Stevens v. Stag Drilling, Inc.

The opinion of the court was delivered by

Smith, J.:

This was an action for services alleged to have been performed on an oil well. Judgment was for defendant sustaining its demurrer to plaintiff’s evidence. The plaintiff has appealed.

The amended petition alleged that plaintiff was in the business of servicing oil wells; that defendant was a corporation; that about October 24, 1950, Spencer, Superintendent and Vice President of Stag, called plaintiff about a collapsed casing in a well and plaintiff was asked by Spencer if he would move on the lease in question, to mill out the collapsed casing; that plaintiff stated his rates for such work and was directed by Spencer to go to work as soon as possible.

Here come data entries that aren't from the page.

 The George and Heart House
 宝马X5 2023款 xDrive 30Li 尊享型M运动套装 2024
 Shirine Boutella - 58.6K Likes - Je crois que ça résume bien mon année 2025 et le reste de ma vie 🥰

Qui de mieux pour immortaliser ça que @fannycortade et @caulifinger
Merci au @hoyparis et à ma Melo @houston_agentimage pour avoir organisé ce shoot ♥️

The petition then alleged that about October 28, 1950, he moved his equipment on the lease and performed the services described. A verified statement of the services was attached. The petition then alleged it was agreed that plaintiff be paid for his services upon completion of the services and the charge made was reasonable; and that plaintiff was directed to cease his operation by C. L. Tyrrell, President of Stag, on the day stated on the itemized account.

Judgment was prayed for the amount shown in the statement.

*771The answer of Stag was first a general denial, then a specific denial that it hired plaintiff to do any work on the lease in question. The answer further alleged that one Siegrist called Spencer and asked him to call plaintiff and tell plaintiff that Siegrist wanted plaintiff to move onto the lease and mill out the collapsed casing. The defendant specifically denied that Spencer had authority to bind the defendant in employing plaintiff to mill out the collapsed casing on the described real estate. The answer further alleged that it was the custom in the oil fields that when at the direction of the operator of an oil lease a person called another to perform labor or to furnish materials on an oil lease the operator of the lease was the one who was obliged to pay.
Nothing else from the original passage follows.